─── GIVEN DATA

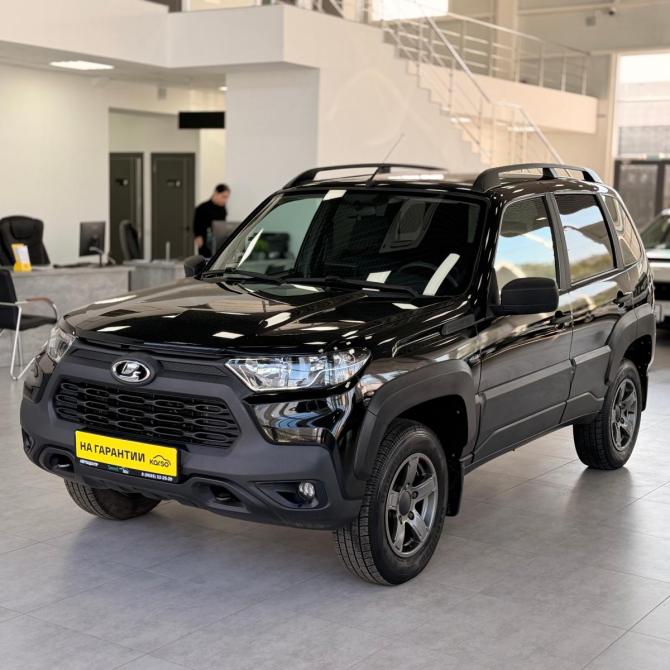 Lada (ВАЗ) Niva Travel I Нижнекамск  - изображение 3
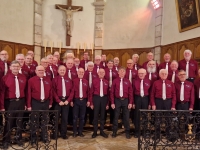 Le Chœur des Roches en concert à Lalheue le dimanche 16 novembre 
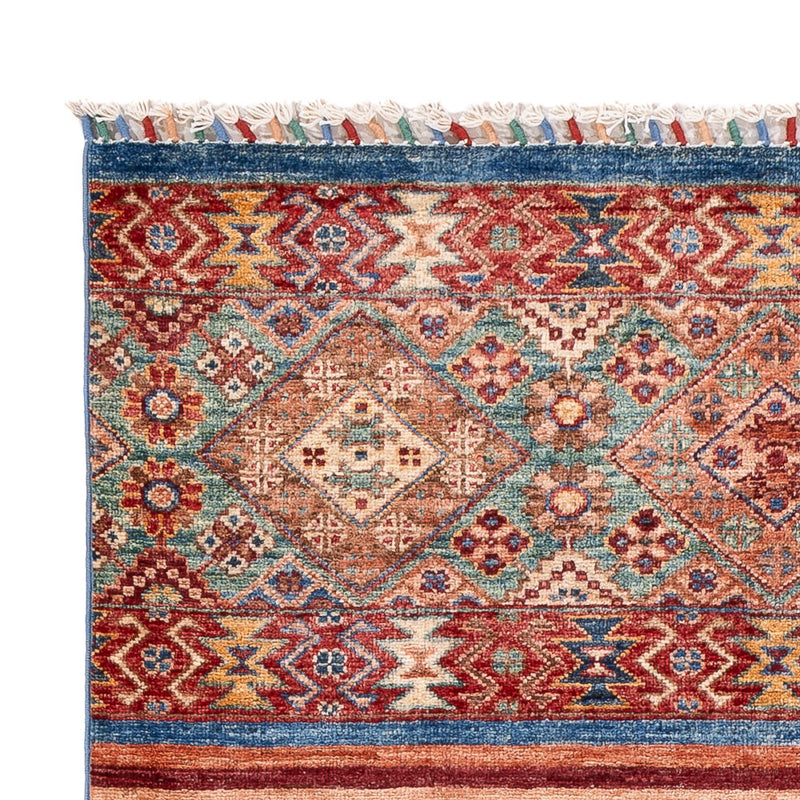 Tapis Ziegler - Shal - 153 x 100 cm - multicolore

──────

Your reply should consist of the data, transcribed exactly, and should hold no pictures.

 Lada (ВАЗ) Niva Travel I Нижнекамск  - изображение 3
 Le Chœur des Roches en concert à Lalheue le dimanche 16 novembre 
 Tapis Ziegler - Shal - 153 x 100 cm - multicolore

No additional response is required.